What to produce → Take every entry below and copy it out word for word.

Scraped caption text data:
↓↓↓
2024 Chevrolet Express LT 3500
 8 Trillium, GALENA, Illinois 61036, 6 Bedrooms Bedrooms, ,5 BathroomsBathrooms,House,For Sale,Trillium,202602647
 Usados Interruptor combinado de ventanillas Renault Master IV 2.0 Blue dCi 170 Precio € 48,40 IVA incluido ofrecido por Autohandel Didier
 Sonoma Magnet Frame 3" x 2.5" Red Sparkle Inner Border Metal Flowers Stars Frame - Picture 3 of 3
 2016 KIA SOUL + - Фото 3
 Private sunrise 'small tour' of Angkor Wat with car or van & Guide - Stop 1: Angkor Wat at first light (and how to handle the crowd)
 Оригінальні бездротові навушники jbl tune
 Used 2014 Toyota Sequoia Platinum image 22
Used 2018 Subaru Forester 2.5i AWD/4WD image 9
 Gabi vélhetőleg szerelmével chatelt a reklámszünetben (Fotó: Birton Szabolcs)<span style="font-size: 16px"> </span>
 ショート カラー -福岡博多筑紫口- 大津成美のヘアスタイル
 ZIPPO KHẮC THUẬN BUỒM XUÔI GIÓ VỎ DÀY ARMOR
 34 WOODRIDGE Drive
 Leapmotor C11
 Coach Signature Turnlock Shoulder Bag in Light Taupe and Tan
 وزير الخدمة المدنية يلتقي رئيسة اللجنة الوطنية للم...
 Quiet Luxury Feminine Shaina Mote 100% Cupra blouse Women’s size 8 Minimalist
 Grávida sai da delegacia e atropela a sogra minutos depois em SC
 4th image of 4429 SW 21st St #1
↑↑↑
Your response →
2024 Chevrolet Express LT 3500
 8 Trillium, GALENA, Illinois 61036, 6 Bedrooms Bedrooms, ,5 BathroomsBathrooms,House,For Sale,Trillium,202602647
 Usados Interruptor combinado de ventanillas Renault Master IV 2.0 Blue dCi 170 Precio € 48,40 IVA incluido ofrecido por Autohandel Didier
 Sonoma Magnet Frame 3" x 2.5" Red Sparkle Inner Border Metal Flowers Stars Frame - Picture 3 of 3
 2016 KIA SOUL + - Фото 3
 Private sunrise 'small tour' of Angkor Wat with car or van & Guide - Stop 1: Angkor Wat at first light (and how to handle the crowd)
 Оригінальні бездротові навушники jbl tune
 Used 2014 Toyota Sequoia Platinum image 22
Used 2018 Subaru Forester 2.5i AWD/4WD image 9
 Gabi vélhetőleg szerelmével chatelt a reklámszünetben (Fotó: Birton Szabolcs)<span style="font-size: 16px"> </span>
 ショート カラー -福岡博多筑紫口- 大津成美のヘアスタイル
 ZIPPO KHẮC THUẬN BUỒM XUÔI GIÓ VỎ DÀY ARMOR
 34 WOODRIDGE Drive
 Leapmotor C11
 Coach Signature Turnlock Shoulder Bag in Light Taupe and Tan
 وزير الخدمة المدنية يلتقي رئيسة اللجنة الوطنية للم...
 Quiet Luxury Feminine Shaina Mote 100% Cupra blouse Women’s size 8 Minimalist
 Grávida sai da delegacia e atropela a sogra minutos depois em SC
 4th image of 4429 SW 21st St #1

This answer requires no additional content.